In March 2013, Professor Wenqing Shen addressed the “Prospering Fundamental Research and Leading National Innovation Development” at the first meeting of the 12th Chinese People's Political Consultative Conference. He emphasized that fundamental research is the source of independent innovation and an important means of cultivating innovative talent, and it plays a supporting role in leading innovation development at the national level. He made four recommendations: (1) Increase Investment in Fundamental Research: he emphasized on the importance of fundamental research in national development strategies, which would have been realized by significantly increasing financial investments, raising the proportion of fundamental research in R&D from 5% to 10% over several years, implementing tax exemptions for enterprises conducting fundamental research, and having capable local governments that can support investments in fundamental research. (2) Advance Planning for Fundamental Research: He recommend that each major national project should allocate a certain proportion of funds for fundamental research according to its characteristics. (3) Explore New Park Models for Education, Research, and Industry: He suggested developing new park models that integrate education, research, and industry, transforming university science parks and technology industrial parks into bases for talent cultivation and results transformation. (4) Cultivate an Innovation-Friendly Culture: He emphasized on fostering a culture conducive to independent innovation, strengthening scientific ethics, and ensuring healthy development of science and technology.
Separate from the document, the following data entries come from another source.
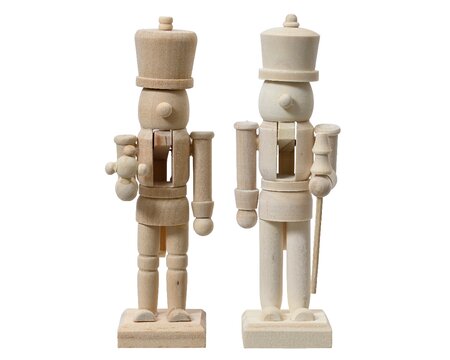 Notenkraker vuren l4b3h12.5 blnd a2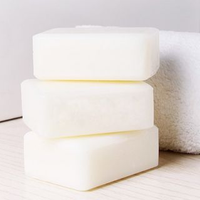  Nihonsekken 沐浴皂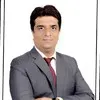 Dharmesh Thakkar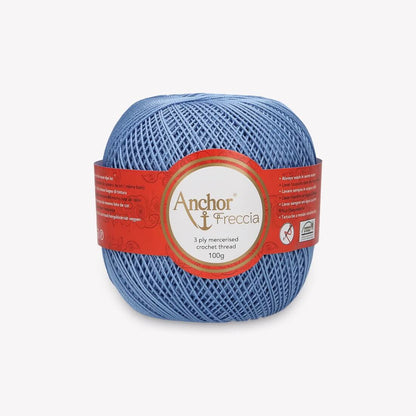 Anchor Freccia Stärke 6 | 100g
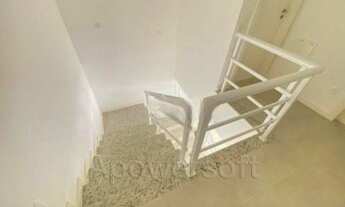 Imagem 5: Casa em rua asfaltada com 3 suítes em Serra Grande - Niterói - RJ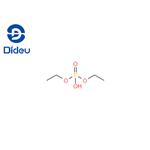 DIETHYL PHOSPHATE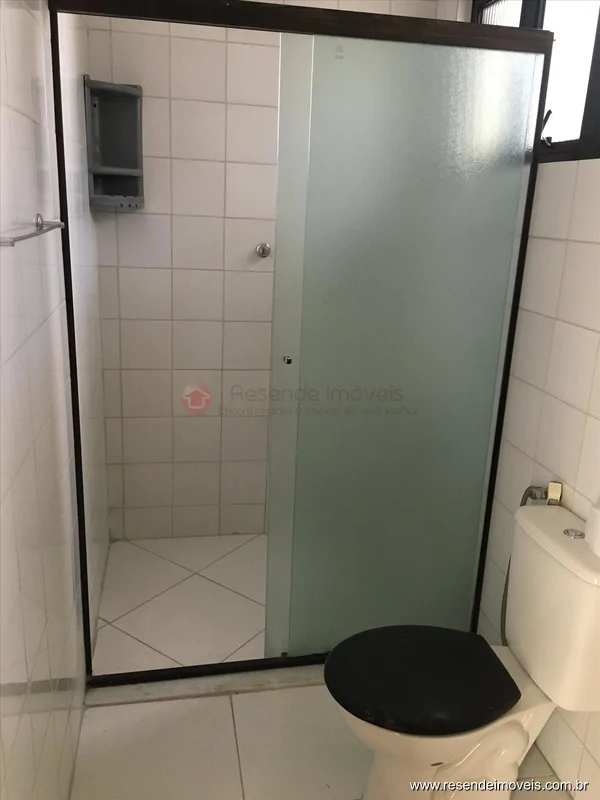 Foto 11 de 15 - Apartamento para aluguel em Campos Elíseos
National leaders attended this meeting. Professor Wenqing Shen, along with other committee members from the science and technology community, conducted in-depth research on issues such as the provision of common technologies and standards in the restructuring phase of research institutions. He also suggested “Formulating the National Natural Science Foundation Law” and addressed the issue of insufficient funding, which severely constrained the development of national key laboratories. These proposals and recommendations were taken seriously by relevant national departments, contributing to the resolution of some issues and playing a role in the healthy development of science in China.